Agee B wrote:Sturges was the first dedicated screenwriter in the modern conception of the role to become a fully-credited director. (Silent-film screenwriting was and is quite different from sound screenwriting in its demands and importance.) .
Could you expand on that a bit? I mean that seriously & without any facetiousness. I'm particularly interested in your take on the differences between the "modern conception of the role" (and it's predecessor, to arrive at the differences)-- and your take on how different were the 'demands and importance' of silent-film screenwriting.

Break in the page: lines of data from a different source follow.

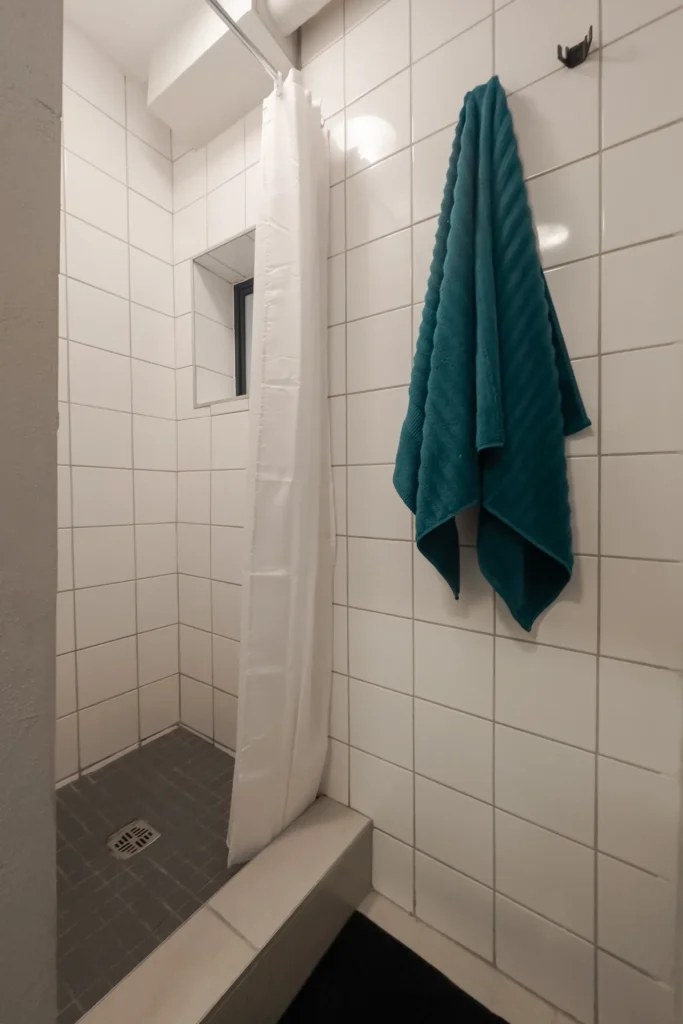 Single Rooms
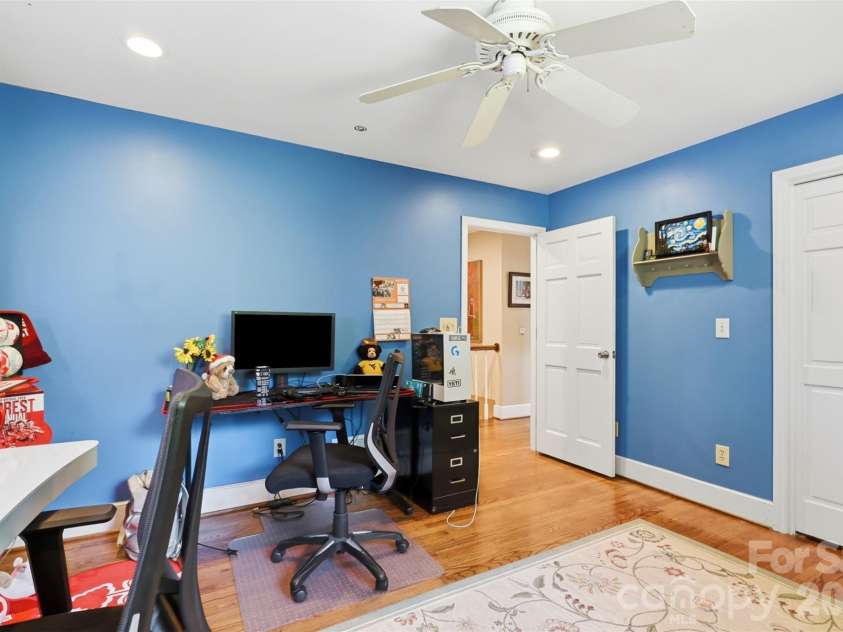 2620 Lynbridge Drive, Charlotte, NC 28226.  MLS# CAR4396076, YatesRealty ID 39131. 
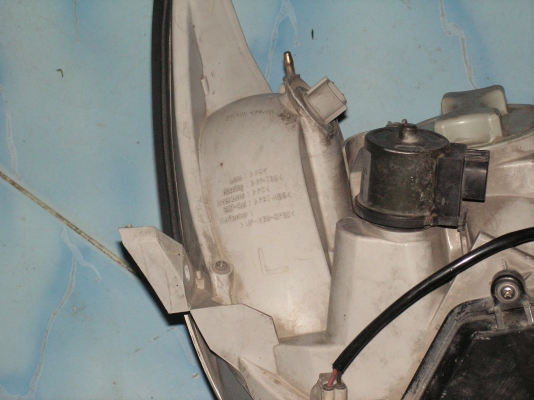 โคมไฟหน้าคัมรี่พี่ที่อยู่ปทุมวันรับไปดูเเลต่อเเล้วครับ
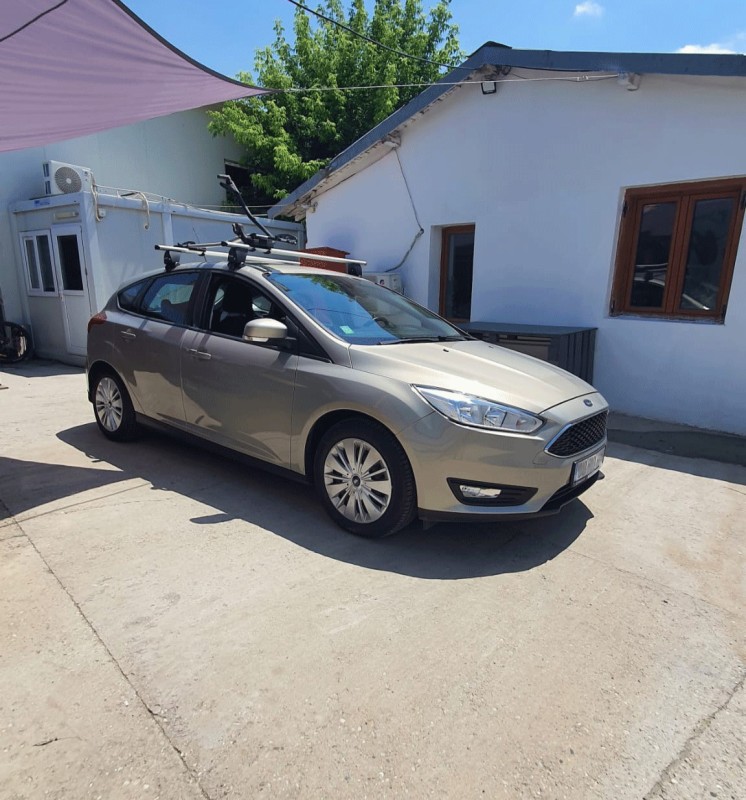 Ford Focus bare transversale Menabo Delta si suport de bicicleta Thule ProRide 598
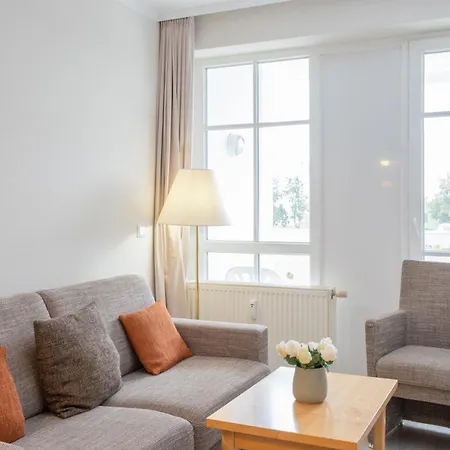 Apartment 660, Seepark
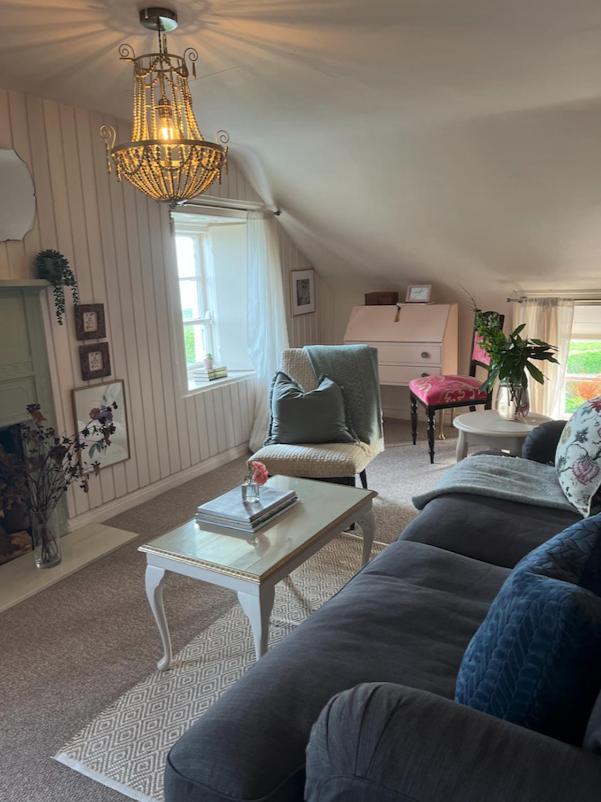 The Pink Cottage Upstairs Suite & Garden Summer Room Whitehead 외부 사진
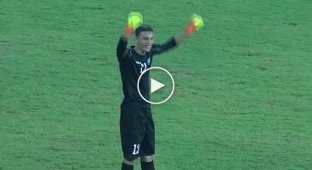 Узбекский вратарь забил гол ударом от своих ворот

I ask because certainly you take a guy like Carl Mayer who was a dedicated screenwriter in the perhaps the purest sense of the role (script after script after script and never a moment before the camera as an actor and no other form of writing left behind, not even a novel. From CALIGARI to SUNRISE to PYGMILLIAN & his later sound work with Czinner & Asquith & docs like Mjor Barbara & The Fourth Estate, this guy was the consumate dedicated screenwriter in any conception of the role. This may be my own crazy personal view but take a look at all the masterpieces under the guy's belt. It's insane. And as for the utility & demands of sound vs silent screenwriting-- remember, that simply because the dialog was not heard by the audience, there were you understand still complete scripts of course . The actor's mouths were indeed Speaking Lines From A Full & Complete Script, and those scripts were written out and had to be learned by the actors. (That's why Title Writing was a completely different vocation paling in comparison to that of screenwriter). Yet on top of that the silent writer, owing to the visual demands of the medium, elucidated much of the visual aspect of the film as well, on top of the "script". Read Mayer's scripts for example: complete mise en scene of the actors.. camera moves, superimpositions/double exposures, mood & lighting. Very very sophisticated stuff loaded with utilities not required of screenwriters today.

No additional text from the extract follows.